Ignoring SA’s Informal Sector To Your Detriment

“SA unemployment is at more like 10-12% if you take the informal sector into consideration,” said GG Alcock in his opening remarks at our exclusive event hosting Team Sweden’s tech delegation on Tuesday night.

Author, speaker, and businessman GG Alcock delivered an eye-opening speech to the 150-strong crowd. Beside the fact that he was brought up in a Zulu community with no running water, electricity, or modern conveniences, his continuing relationships with people who run businesses in the townships of SA affords incredible insight into the informal sector.

Alcock believes that the informal business sector is the next great frontier of Africa and it is currently undergoing an economic revolution, right under our noses. He writes at length about this in his latest book Kasinomic Revolution.

He spoke about simple side-of-the-road food stalls able to support kids through college, to full-blown township-style franchises selling kotas, mogodu, chicken dust and alcohol bringing in R90 billion a year.

Property owners in townships make extra income by renting any and every available space on their property – from a small ‘ama-room’ space to an ‘i-flat’ (a backyard rented dwelling), to a tiny stall rented for a couple of hundred Rand a month to sell their wares.

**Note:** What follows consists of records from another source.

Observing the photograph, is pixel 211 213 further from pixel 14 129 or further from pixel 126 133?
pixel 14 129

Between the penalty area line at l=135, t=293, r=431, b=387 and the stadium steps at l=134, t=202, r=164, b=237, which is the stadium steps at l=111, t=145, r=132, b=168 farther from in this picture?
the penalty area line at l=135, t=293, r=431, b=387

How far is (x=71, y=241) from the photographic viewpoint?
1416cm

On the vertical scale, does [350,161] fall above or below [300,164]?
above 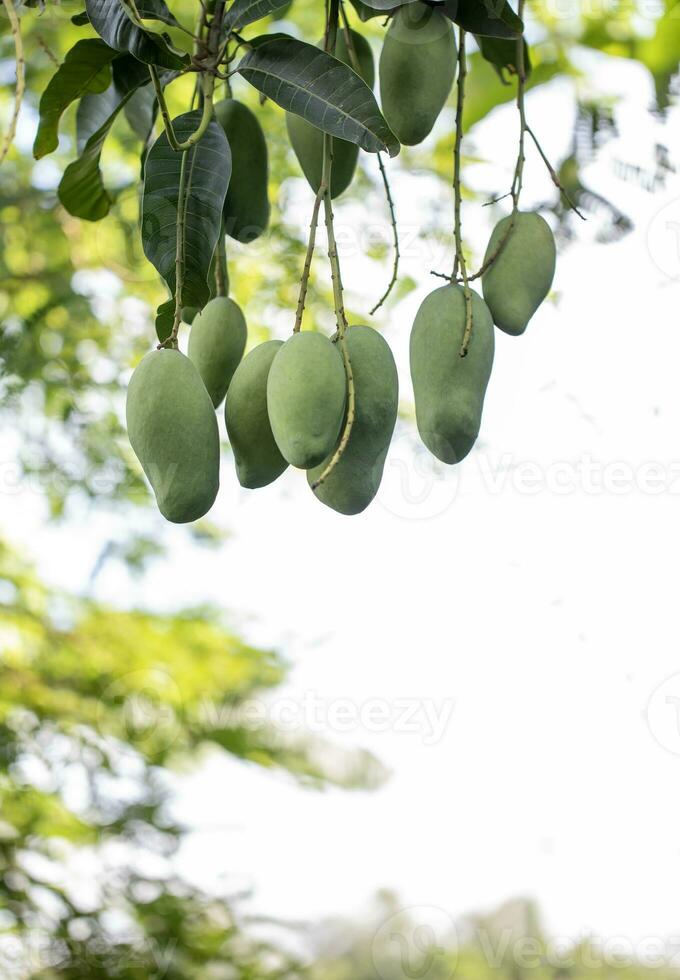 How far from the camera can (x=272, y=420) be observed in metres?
0.36

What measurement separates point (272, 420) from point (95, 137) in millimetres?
221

Bakkie rental is also a burgeoning business; with stall and spaza shop owners renting bakkies and lorries for as little as R100 to transport goods destined for retail sales.

According to Alcock, spaza shops, spazarettes and cash&carries are a R150 billion a year industry. He showed us a picture of a Somali shop owner busy using 3 smartphones in hand;  testament to the real need for more dynamic tech solutions for this market. Tech solutions are also needed to save people precious time standing in long queues for services, for logistics, for handling payments in a more secure way.

Xenophobia has always been a problem in SA however when you consider that R25 billion in rent is paid by foreigners to South Africans every year, it just makes one think that this is the kind of information the media should be reporting on, don’t you think?

It really begs the question: Why are we continuing to ignore the informal sector?